Après notre visite au Yard, nous décidons d’entreprendre une série d’actions individuelles, chacun s’efforçant de mettre en avant ses compétences.

Allistair fait mander un réparateur pour sa fenêtre brisée puis s’exerce à trouver trace de Delia, la régulière d’Alexander Roby, dans les journaux mondains. Seul Grahame, son frère, occupe les lignes de ce genre de torchons.

Le juge, fidèle à son sens de l’accueil, m’invite à utiliser son téléphone en son absence. Je dois, en effet, évaluer le niveau de trouble psychique global qui secoue la ville. Comme à l’accoutumé, leur infériorité intellectuelle est manifeste mais les asiles bondés me donnent suffisamment d’informations pour me permettre d’assurer à mes investigateurs adjoints, plus tard dans la journée, que nous faisons face à une vague de délire collectif sans précédent.

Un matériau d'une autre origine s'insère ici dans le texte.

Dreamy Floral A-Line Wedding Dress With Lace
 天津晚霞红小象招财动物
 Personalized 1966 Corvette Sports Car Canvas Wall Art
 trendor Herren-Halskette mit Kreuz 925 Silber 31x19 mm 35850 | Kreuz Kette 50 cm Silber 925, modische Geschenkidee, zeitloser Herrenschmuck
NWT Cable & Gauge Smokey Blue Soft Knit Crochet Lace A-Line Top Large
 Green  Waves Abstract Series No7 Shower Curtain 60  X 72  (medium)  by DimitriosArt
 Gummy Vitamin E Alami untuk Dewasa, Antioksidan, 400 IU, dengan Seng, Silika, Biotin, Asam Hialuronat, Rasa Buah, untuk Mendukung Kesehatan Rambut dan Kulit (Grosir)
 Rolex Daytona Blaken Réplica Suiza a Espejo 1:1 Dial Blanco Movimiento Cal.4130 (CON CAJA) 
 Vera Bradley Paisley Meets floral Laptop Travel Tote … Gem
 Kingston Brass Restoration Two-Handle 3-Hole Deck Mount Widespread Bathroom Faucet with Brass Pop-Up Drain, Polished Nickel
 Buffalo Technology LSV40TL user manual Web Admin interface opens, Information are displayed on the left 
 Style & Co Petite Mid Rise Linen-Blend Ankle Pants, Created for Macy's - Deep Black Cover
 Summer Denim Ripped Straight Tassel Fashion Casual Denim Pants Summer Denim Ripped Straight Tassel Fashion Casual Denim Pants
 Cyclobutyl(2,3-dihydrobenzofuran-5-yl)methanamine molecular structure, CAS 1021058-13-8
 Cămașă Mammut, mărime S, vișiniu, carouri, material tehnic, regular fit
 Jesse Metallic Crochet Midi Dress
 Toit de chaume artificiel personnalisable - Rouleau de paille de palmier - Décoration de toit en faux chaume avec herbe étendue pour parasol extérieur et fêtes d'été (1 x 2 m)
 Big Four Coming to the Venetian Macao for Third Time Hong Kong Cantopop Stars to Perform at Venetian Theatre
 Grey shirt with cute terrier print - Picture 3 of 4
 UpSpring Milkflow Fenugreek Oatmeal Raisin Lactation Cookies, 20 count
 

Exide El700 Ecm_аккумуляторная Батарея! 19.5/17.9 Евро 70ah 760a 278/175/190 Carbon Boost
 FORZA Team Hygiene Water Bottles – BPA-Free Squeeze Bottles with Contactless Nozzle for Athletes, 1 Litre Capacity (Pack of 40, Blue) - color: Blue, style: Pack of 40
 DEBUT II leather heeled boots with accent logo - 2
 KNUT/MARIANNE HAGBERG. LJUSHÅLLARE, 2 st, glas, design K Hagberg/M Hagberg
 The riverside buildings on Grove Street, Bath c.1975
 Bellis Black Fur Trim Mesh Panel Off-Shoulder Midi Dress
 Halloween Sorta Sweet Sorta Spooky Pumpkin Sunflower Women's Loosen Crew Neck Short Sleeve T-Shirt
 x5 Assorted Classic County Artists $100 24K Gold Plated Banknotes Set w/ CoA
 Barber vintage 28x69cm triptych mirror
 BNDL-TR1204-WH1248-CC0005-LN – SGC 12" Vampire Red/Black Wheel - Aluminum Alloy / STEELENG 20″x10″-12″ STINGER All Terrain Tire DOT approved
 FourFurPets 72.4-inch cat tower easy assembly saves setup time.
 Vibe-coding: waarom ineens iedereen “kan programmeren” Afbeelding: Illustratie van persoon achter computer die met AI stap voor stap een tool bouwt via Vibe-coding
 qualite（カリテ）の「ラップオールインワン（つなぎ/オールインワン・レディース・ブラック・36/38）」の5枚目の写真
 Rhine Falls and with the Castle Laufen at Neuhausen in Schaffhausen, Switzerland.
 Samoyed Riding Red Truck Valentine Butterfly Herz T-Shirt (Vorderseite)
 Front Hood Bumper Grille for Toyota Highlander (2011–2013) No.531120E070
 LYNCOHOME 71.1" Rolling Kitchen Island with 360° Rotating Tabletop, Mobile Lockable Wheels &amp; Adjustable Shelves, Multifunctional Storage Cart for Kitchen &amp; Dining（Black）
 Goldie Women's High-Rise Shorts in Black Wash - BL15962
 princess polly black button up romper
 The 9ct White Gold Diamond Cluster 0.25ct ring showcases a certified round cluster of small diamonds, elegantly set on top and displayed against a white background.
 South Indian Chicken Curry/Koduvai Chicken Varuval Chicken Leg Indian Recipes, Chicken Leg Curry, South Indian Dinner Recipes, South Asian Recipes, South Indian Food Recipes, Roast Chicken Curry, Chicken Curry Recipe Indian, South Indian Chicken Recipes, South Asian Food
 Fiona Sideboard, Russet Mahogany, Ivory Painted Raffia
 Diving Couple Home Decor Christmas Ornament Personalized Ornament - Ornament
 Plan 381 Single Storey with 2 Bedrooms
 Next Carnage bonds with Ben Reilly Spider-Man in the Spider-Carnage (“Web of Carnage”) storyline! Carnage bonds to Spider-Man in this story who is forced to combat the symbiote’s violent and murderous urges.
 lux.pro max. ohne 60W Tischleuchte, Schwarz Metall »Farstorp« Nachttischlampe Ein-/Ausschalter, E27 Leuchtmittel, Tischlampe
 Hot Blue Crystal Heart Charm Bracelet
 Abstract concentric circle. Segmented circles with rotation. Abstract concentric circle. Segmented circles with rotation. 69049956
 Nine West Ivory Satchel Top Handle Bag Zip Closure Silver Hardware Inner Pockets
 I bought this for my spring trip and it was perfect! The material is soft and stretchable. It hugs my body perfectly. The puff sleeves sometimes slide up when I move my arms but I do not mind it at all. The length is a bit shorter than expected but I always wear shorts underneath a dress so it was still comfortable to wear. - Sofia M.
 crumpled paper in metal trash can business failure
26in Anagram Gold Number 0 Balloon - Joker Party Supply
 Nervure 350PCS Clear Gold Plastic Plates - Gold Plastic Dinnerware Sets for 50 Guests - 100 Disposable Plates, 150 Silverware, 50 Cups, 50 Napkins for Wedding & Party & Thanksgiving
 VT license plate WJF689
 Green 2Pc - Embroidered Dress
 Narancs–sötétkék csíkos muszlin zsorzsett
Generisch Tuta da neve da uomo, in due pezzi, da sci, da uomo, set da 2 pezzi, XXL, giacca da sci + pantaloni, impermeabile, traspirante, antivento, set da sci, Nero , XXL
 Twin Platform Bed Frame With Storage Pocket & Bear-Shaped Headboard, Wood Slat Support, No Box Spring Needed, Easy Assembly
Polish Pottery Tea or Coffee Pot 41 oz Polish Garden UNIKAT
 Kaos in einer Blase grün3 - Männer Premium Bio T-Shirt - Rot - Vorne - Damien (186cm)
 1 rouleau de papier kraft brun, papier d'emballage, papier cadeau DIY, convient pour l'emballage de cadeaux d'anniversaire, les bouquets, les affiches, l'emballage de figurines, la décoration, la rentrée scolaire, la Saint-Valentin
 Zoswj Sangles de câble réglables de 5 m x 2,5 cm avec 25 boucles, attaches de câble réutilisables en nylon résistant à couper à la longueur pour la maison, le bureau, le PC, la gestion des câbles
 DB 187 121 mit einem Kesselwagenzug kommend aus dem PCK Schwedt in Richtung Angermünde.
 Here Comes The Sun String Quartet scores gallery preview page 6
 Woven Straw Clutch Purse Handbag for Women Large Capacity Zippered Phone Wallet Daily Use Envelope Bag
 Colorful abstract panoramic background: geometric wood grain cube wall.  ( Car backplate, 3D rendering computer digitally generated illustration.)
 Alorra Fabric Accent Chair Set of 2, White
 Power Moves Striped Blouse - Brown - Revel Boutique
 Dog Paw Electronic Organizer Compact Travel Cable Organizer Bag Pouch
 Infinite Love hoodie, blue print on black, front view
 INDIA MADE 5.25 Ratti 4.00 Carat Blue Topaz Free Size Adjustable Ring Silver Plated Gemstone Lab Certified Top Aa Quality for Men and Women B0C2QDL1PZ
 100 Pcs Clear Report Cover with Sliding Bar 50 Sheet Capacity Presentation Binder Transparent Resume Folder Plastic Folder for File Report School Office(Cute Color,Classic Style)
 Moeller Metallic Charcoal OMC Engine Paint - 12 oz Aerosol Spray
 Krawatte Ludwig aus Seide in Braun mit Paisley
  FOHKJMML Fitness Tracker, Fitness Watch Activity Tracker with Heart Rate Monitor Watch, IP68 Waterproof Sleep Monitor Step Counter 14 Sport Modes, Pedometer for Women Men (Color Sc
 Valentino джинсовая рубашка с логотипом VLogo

L’étrange Damian, quant à lui, continue de se complaire dans les bas-fonds, sans doute à la recherche de femmes auprès desquelles il délivre ses pulsions les plus inavouables. Je lui reconnais toutefois son sens de l’investigation et ne suis pas étonné le moins du monde lorsqu’il affirme, la journée terminée, qu’il a obtenu le nom de la dernière prostituée assassinée, une certaine Jenny Walkins.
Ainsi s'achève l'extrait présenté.